Following on from my blog post and making sure your file systems are part of a consistency group – so the data is consistent after a restart, the next question is
“how long will it take to fail over?”.
There are two areas you need to look at
- The time to detect and outage. This can be broken down into the time the active queue manager releases the lock, and the time taken for the release of the lock to be reflected to the standby system. You need to test and measure this time. For example you may need to adjust your network configuration.
- The time taken to restart the queue manager. There is an excellent blog post on this from Ant at IBM.

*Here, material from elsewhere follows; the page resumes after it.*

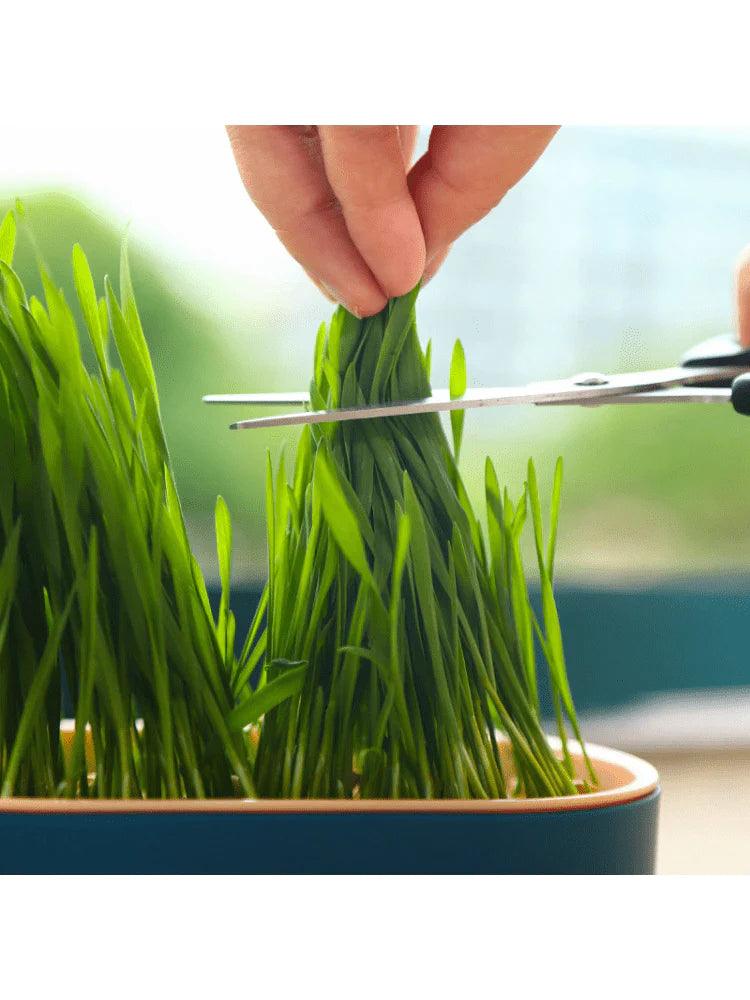 Cat Grass Growing Kit (With Free Seeds)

- The blog post talks about the rate at which clients can connect to MQ. Yes MQ can support 10,000 client connections. But if it takes a significant time to reconnect them all, you may want multiple queue managers, and have parallelism
- Avoid deep queues. In my time at IBM I saw many customers with thousands of messages on a queue with an age over 1 year old! You need to clean up the queue. Your applications team should have a process that runs perhaps once a day which cleans up all old messages. For example there was a getting application instance which timed out and terminated, then the reply arrived.
- During normal running most of the IO is write – and this often goes into cache, so very fast. During recovery the IO is reading from disk which might be from rotating disks rather than solid state.
One lesson from this is you need to test the recover. You need to test a realistic scenario – take the worst case of number of connections, with peak throughput, and then pull the plug on the active system.
Another lesson is you need to do this regularly – for example monthly as configurations can change.